Though entrepreneurs might not readily acknowledge it, from an investor's standpoint, this is a plausible, if not preferred, scenario—oftentimes even more preferable than an IPO scenario. This preference stems from the unique dynamics of the cybersecurity market.
Despite historically showing limited interest in acquisitions, Check Point has acquired seven startups over the past four years. In contrast, Palo Alto, with its stated objective of offering an all-encompassing organizational solution, has procured 13 companies since 2019. Nevertheless, it recently slowed this pace to assimilate the previous acquisitions.

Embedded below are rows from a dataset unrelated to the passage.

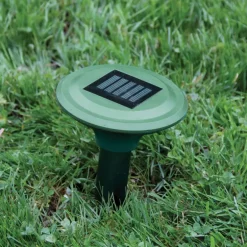 Anti-taupe solaire à ultra-sons à l'unité
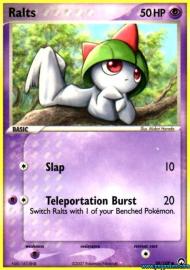 Ralts (EX Power Keepers: 59/108)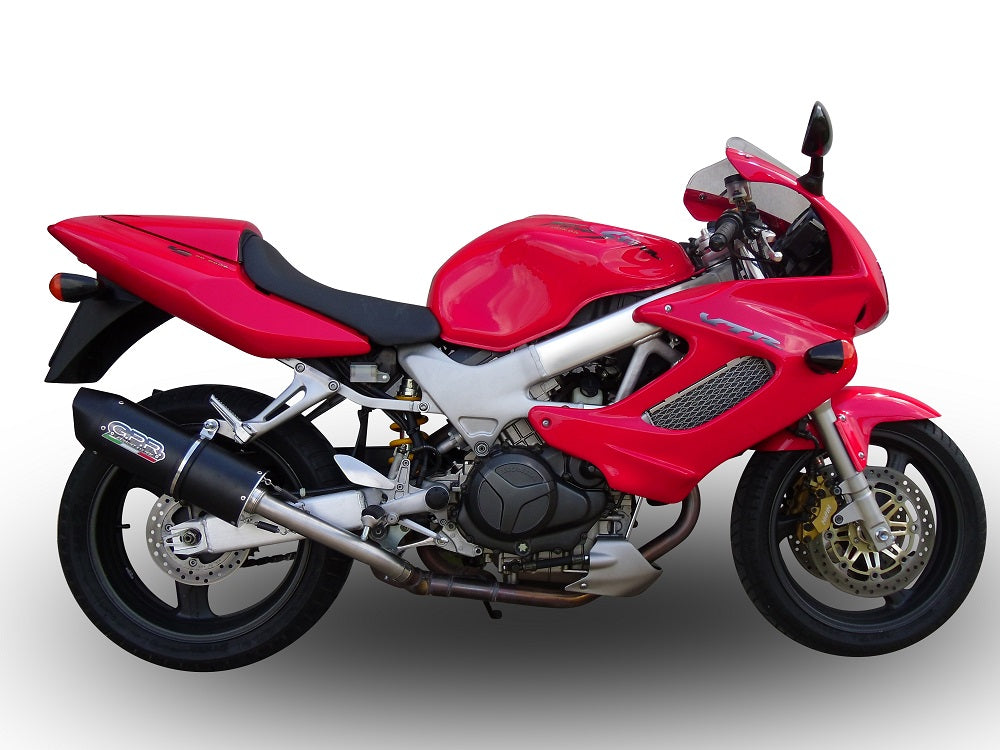 GPR Furore Nero Exhaust – Honda Vtr 1000 F Firestorm 1997/2007 1997/2007 – image 7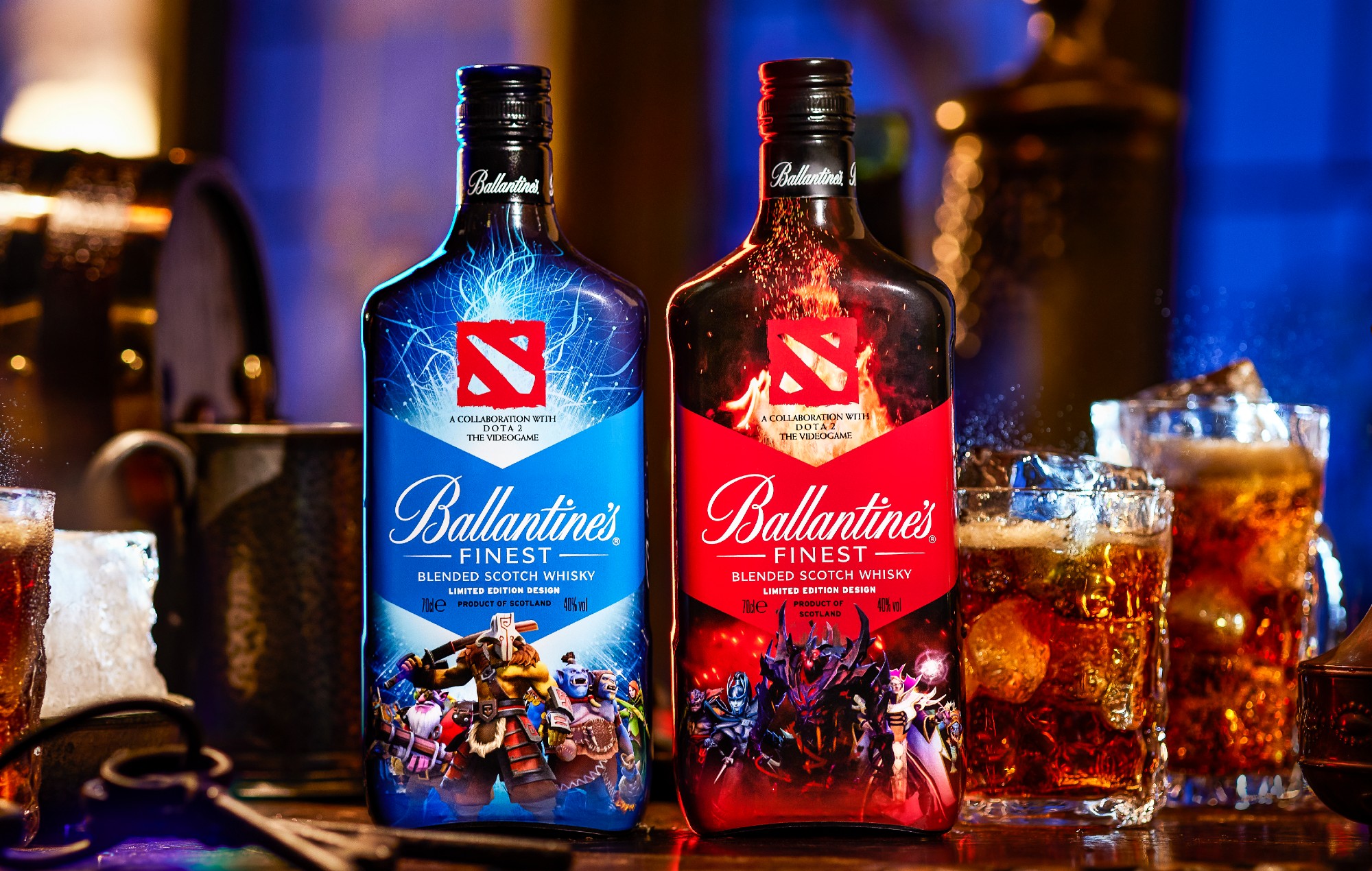 ‘Dota 2’ celebrates 10th anniversary with limited edition Ballantine’s whiskey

Over the forthcoming years, the trend towards intensified cloud integration in the cybersecurity sector will radically reshape the market, resulting in the emergence of giants from the new generation. Zscaler, a pioneering cloud-based cyber company, epitomizes this trend. With Wall Street's IPO window reopening, Israeli company Wiz, operating in cloud cybersecurity, is poised for its colossal IPO, having already secured a valuation of $10 billion in its most recent fundraising round.
It's still premature to ascertain whether "cloud" categories will mirror the fragmentation of the traditional cybersecurity market or whether dominant players will vie to reinforce their positions through startup acquisitions. Currently, the cloud race is well underway and propelled by established entities that now recognize that a transformation they were questioning over the past five years has materialized with greater force than anticipated—the migration of data and assets to the cloud, accompanied by corresponding attacks.
Related articles:
The count of applications developed in the cloud and currently operational within organizations—500 million—is rising, despite most applications still being grounded in conventional physical infrastructure. Some 33 million developers continually introduce new features to these new applications. According to Palo Alto, an average organization uses 100 applications today, catering to commercial and internal needs alike. In the near future, as AI tools assume an increasingly substantial role in code development, the application count will surge further.
Doubts about the pace of cloud development have been cast aside, best illustrated by the Secure Access Service Edge (SASE) sector. Recently, Check Point made headlines by acquiring Perimeter 81, an Israeli company specializing in this sector, for $490 million —the second-largest purchase in Check Point's history.
To fathom Check Point's decision, one must peruse the slides that Palo Alto offers outlining the secure remote connection of employees to corporate cloud applications. The SASE category, which integrates security solutions, achieved a billion-dollar order rate at Palo Alto in 2023. Importantly, Palo Alto does not hold the dominant position within this segment.
Just last week, Gartner, a leading research company, dubbed Palo Alto the premier solution in the market sub-category of single-vendor providers of SASE. In the integrated system category, Zscaler reigns supreme. Shlomo Kramer's Israeli Cato Networks, the category's progenitor, is characterized as a challenger—rapidly growing and posing a threat. Remarkably, Check Point was excluded from this ranking due to limited adoption of its solutions in the sector, which has expanded by 60%, justifying its strategic decision to make substantial investments.